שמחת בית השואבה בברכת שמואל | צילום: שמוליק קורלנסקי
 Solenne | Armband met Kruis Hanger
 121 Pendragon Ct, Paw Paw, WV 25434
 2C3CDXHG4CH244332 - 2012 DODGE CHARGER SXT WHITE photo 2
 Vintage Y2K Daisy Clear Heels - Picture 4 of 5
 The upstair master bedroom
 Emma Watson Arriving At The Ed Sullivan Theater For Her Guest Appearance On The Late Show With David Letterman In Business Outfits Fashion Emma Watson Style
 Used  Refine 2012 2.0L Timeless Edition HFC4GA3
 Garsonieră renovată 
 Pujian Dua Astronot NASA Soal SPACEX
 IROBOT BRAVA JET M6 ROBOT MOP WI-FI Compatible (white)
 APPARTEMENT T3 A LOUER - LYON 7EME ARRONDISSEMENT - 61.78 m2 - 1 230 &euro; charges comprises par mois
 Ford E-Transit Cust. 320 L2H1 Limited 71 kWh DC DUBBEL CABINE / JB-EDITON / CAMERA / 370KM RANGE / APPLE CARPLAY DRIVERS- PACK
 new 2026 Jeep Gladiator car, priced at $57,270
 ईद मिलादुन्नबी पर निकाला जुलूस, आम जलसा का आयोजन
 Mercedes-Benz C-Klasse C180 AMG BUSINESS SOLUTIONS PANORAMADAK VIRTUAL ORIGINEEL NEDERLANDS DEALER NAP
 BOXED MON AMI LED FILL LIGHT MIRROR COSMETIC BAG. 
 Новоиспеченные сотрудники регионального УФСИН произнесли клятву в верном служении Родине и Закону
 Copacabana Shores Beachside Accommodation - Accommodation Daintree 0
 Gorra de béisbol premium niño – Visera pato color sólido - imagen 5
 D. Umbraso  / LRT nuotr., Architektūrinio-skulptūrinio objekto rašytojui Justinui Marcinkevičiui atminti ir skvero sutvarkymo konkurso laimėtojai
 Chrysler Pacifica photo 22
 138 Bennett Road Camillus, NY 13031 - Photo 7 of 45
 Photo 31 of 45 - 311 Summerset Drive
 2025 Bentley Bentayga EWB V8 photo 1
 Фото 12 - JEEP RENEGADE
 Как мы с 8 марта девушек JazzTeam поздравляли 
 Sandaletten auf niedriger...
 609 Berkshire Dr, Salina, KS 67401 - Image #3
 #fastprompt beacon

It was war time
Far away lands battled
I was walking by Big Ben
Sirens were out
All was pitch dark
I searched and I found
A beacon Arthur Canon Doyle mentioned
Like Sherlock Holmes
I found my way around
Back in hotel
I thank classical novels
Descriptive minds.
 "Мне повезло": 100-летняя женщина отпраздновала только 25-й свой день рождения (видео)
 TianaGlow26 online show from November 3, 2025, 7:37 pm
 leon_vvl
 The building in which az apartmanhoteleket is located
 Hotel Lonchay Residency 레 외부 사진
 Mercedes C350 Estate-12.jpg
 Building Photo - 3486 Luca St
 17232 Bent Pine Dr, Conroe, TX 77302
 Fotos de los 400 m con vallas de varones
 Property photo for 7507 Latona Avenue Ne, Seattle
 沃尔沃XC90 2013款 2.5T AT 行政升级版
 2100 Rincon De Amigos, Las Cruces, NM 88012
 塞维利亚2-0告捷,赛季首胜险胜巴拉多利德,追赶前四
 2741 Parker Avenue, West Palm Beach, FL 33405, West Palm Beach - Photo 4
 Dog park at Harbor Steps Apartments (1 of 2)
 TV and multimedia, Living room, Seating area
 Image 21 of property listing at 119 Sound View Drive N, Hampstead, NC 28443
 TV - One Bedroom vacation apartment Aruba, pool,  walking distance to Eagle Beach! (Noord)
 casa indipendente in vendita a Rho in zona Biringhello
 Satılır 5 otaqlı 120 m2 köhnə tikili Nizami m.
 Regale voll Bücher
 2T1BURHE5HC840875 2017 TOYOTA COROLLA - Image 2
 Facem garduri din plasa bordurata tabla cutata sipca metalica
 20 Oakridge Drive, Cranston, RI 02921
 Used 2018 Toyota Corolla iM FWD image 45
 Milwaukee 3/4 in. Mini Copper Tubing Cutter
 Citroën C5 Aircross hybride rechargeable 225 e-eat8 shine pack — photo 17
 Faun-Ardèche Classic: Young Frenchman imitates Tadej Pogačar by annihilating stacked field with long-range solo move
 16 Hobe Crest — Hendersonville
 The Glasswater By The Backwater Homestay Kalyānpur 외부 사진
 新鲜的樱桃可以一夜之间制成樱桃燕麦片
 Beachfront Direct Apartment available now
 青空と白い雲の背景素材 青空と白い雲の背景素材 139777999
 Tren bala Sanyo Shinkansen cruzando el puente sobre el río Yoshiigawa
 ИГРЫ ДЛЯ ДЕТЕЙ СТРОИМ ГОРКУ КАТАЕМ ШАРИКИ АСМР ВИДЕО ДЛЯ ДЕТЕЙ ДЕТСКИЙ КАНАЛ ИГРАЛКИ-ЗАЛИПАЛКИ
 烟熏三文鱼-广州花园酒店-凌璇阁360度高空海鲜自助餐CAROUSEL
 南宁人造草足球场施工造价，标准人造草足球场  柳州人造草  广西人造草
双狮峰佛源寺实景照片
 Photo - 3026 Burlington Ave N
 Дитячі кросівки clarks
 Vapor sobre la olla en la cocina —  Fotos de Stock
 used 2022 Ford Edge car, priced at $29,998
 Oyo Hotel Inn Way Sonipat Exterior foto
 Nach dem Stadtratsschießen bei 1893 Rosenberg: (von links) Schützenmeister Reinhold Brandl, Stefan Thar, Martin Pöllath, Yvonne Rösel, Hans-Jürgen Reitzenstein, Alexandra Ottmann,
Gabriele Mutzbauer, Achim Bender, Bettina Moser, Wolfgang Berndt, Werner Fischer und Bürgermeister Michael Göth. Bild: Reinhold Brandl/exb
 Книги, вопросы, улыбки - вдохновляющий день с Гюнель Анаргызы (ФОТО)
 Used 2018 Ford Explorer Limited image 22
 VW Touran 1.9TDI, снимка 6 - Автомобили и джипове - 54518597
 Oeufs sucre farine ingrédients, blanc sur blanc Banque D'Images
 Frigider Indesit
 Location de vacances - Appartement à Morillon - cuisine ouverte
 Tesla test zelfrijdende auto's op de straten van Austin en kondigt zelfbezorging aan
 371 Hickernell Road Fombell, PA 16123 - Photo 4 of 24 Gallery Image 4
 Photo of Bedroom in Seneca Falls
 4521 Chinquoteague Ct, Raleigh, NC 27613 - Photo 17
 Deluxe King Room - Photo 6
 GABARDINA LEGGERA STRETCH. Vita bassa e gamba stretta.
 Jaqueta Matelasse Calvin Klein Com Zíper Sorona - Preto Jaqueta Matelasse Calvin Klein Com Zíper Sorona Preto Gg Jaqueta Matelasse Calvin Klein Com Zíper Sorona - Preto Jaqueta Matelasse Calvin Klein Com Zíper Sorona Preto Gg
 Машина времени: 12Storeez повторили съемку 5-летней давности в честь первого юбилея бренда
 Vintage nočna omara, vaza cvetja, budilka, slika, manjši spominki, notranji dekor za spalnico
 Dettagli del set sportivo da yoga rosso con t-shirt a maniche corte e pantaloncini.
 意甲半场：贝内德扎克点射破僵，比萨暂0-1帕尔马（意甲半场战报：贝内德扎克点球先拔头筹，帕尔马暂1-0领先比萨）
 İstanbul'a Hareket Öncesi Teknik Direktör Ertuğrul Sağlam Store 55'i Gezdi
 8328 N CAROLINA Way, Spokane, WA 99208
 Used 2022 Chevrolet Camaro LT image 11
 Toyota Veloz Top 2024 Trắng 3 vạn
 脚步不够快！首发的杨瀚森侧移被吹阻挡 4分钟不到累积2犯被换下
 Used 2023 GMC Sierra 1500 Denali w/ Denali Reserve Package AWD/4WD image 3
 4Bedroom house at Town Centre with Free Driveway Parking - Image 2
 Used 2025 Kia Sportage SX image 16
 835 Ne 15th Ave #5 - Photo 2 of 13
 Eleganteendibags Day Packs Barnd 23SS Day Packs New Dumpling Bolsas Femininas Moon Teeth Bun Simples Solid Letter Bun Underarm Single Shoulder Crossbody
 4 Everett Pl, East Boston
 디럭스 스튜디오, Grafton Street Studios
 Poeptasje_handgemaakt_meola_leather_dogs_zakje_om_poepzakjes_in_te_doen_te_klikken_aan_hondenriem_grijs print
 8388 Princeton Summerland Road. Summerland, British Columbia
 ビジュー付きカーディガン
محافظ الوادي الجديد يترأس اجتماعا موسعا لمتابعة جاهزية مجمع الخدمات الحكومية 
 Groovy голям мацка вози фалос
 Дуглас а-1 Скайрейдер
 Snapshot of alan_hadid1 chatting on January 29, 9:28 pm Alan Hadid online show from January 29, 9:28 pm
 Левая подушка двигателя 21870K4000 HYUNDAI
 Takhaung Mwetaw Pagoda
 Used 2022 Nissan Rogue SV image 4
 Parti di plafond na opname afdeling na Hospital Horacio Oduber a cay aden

=======

» **Problem to solve**
Provide the count of lines above that contain "priced", without any other words.

» **Written solution**
2